▸ **WHAT THE TASK ASKS**: Give every entry below again, exactly as written, and skip the images.

▸ **SOURCE DATA**:
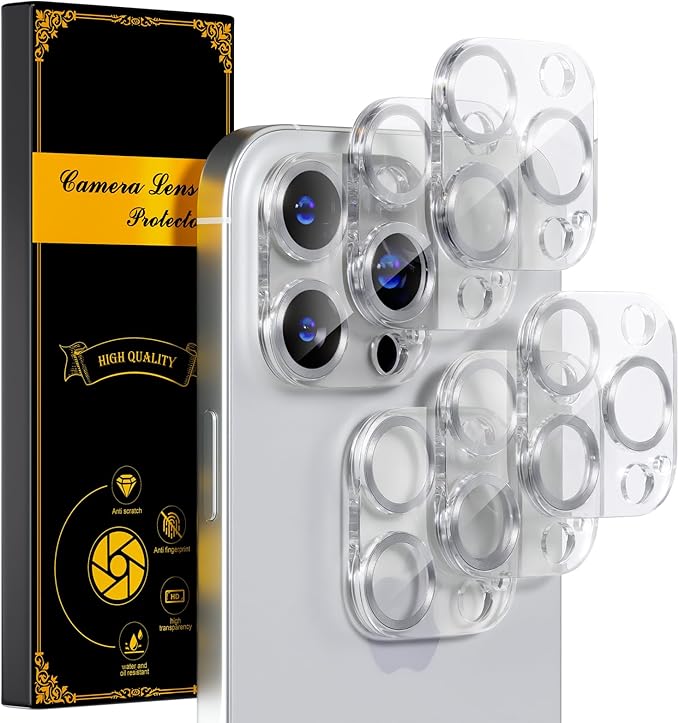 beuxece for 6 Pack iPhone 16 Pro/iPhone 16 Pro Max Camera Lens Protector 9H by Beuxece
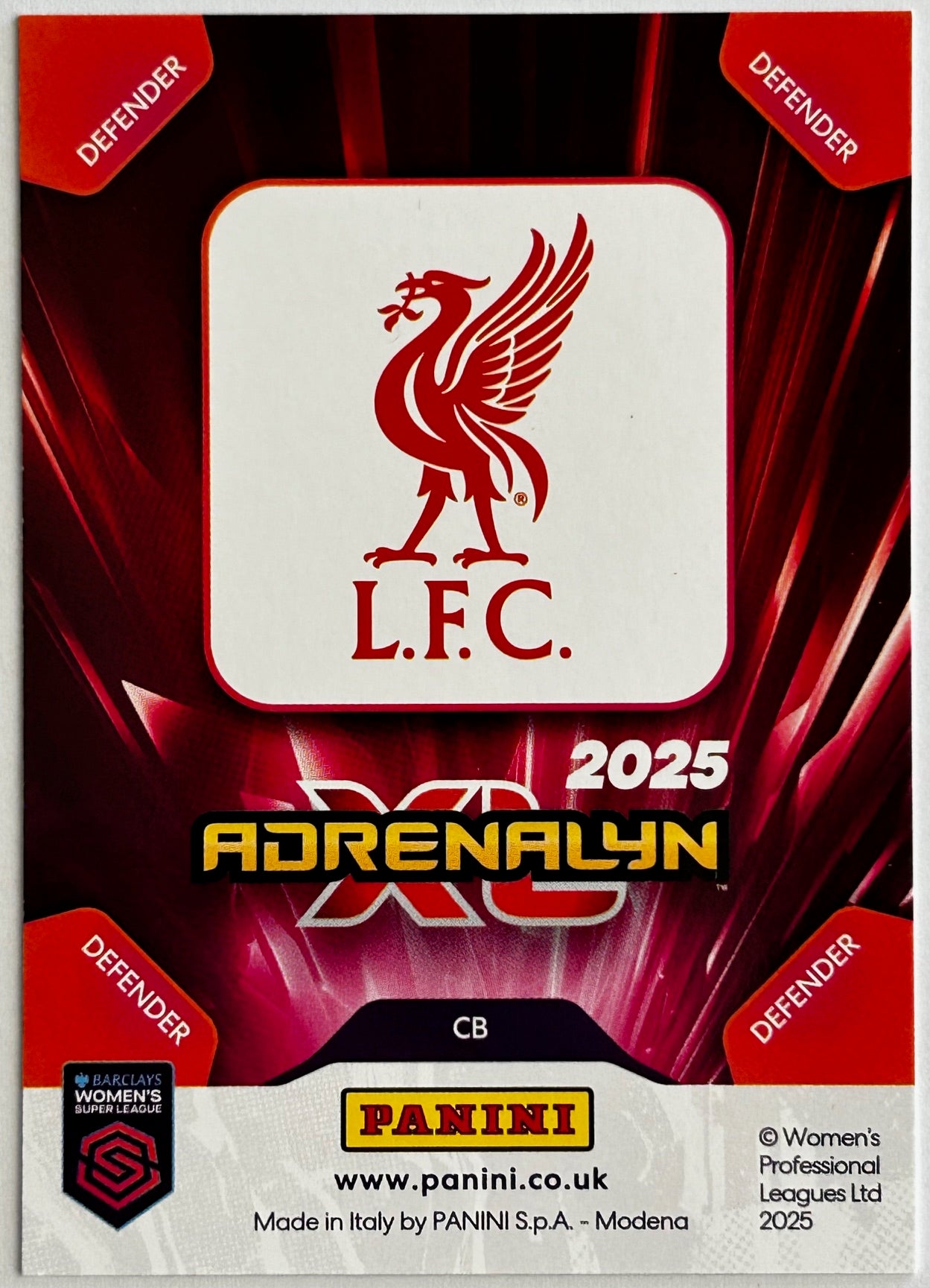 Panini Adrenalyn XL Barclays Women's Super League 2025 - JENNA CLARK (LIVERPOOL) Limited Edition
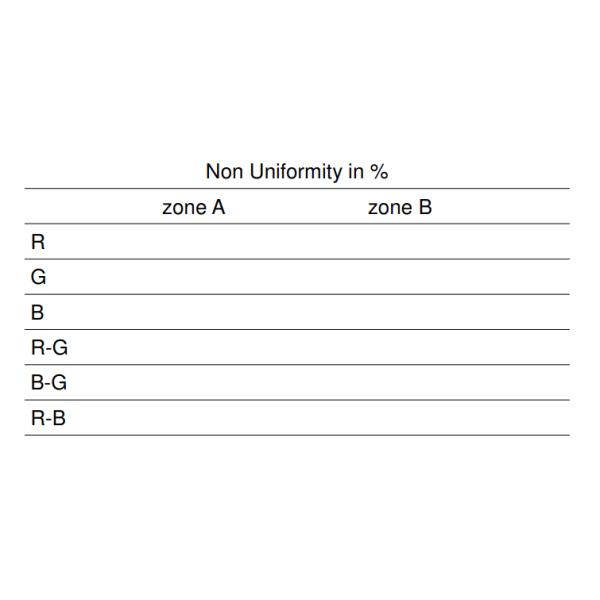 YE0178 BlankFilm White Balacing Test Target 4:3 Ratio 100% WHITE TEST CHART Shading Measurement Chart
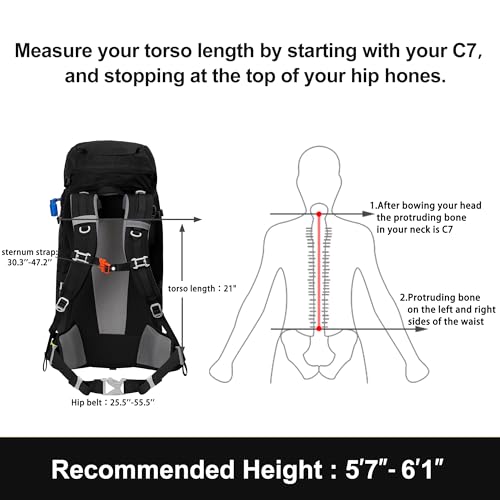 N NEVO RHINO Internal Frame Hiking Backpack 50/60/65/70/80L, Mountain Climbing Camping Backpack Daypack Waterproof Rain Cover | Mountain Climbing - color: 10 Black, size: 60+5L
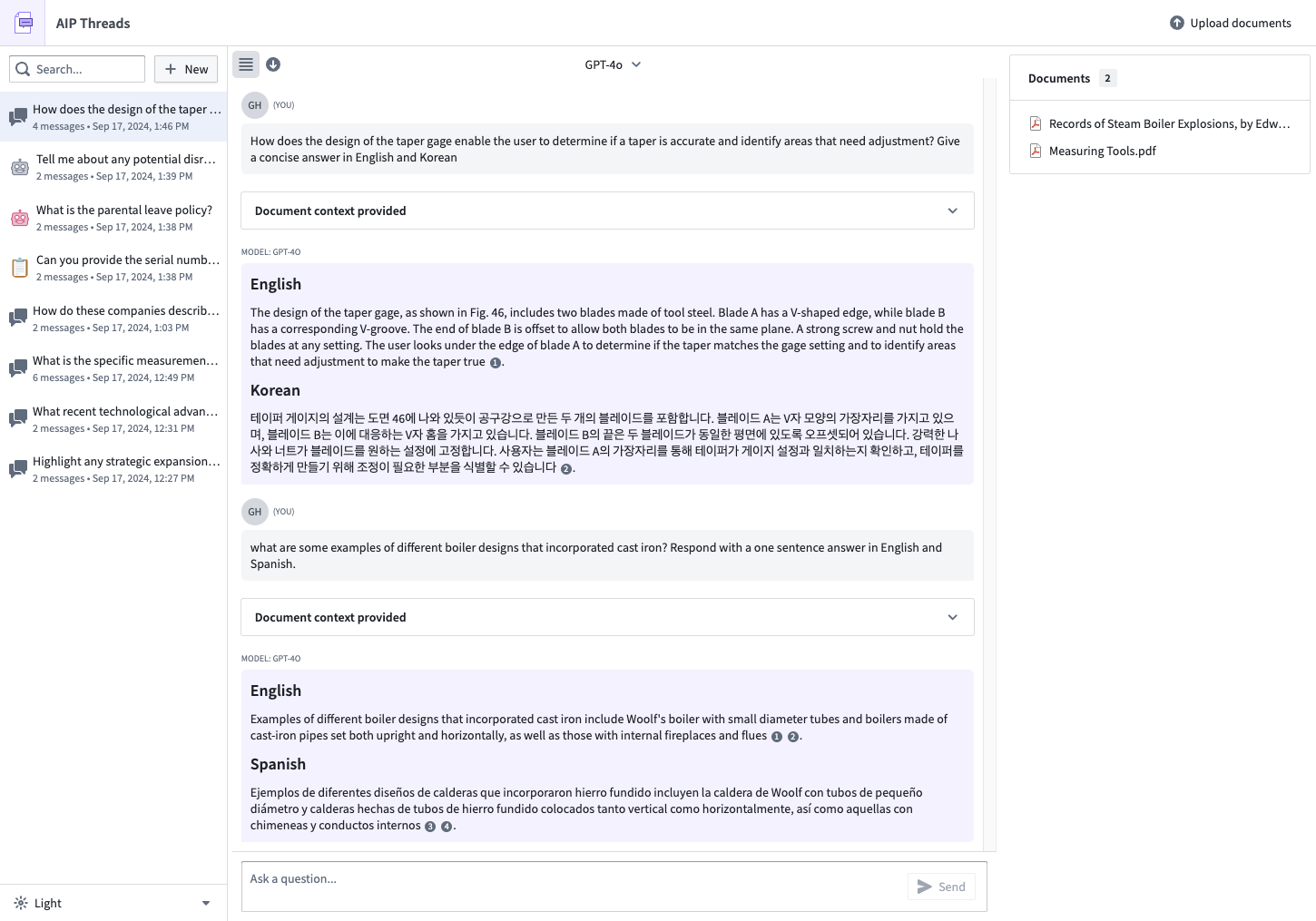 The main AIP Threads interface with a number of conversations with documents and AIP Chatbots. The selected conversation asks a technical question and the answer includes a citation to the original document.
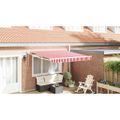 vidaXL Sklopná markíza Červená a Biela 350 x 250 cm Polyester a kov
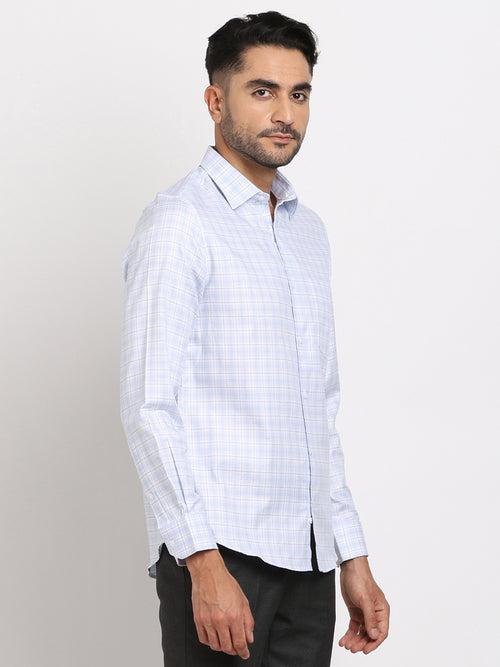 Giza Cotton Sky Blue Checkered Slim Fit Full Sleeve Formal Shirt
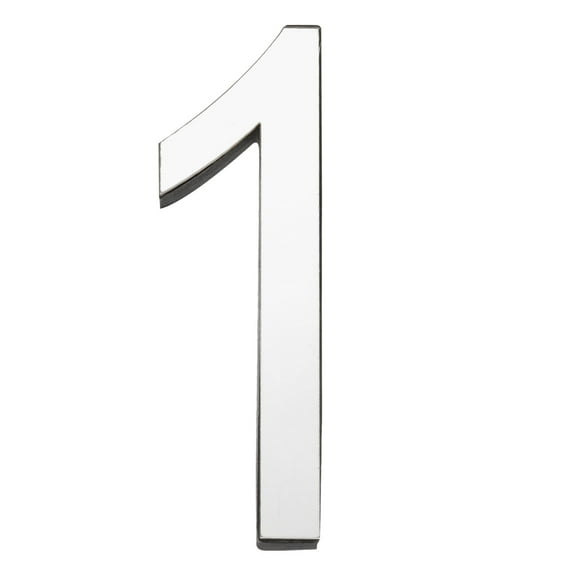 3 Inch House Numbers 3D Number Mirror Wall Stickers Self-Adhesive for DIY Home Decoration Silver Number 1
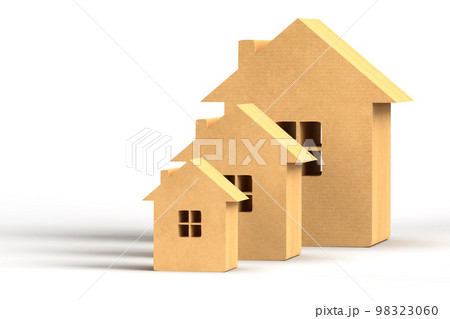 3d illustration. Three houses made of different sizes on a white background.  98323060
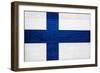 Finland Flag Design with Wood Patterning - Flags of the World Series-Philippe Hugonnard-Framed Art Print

▸ **RESPONSE TO THIS TASK**:
 beuxece for 6 Pack iPhone 16 Pro/iPhone 16 Pro Max Camera Lens Protector 9H by Beuxece
 Panini Adrenalyn XL Barclays Women's Super League 2025 - JENNA CLARK (LIVERPOOL) Limited Edition
 YE0178 BlankFilm White Balacing Test Target 4:3 Ratio 100% WHITE TEST CHART Shading Measurement Chart
 N NEVO RHINO Internal Frame Hiking Backpack 50/60/65/70/80L, Mountain Climbing Camping Backpack Daypack Waterproof Rain Cover | Mountain Climbing - color: 10 Black, size: 60+5L
 The main AIP Threads interface with a number of conversations with documents and AIP Chatbots. The selected conversation asks a technical question and the answer includes a citation to the original document.
 vidaXL Sklopná markíza Červená a Biela 350 x 250 cm Polyester a kov
 Giza Cotton Sky Blue Checkered Slim Fit Full Sleeve Formal Shirt
 3 Inch House Numbers 3D Number Mirror Wall Stickers Self-Adhesive for DIY Home Decoration Silver Number 1
 3d illustration. Three houses made of different sizes on a white background.  98323060
 Finland Flag Design with Wood Patterning - Flags of the World Series-Philippe Hugonnard-Framed Art Print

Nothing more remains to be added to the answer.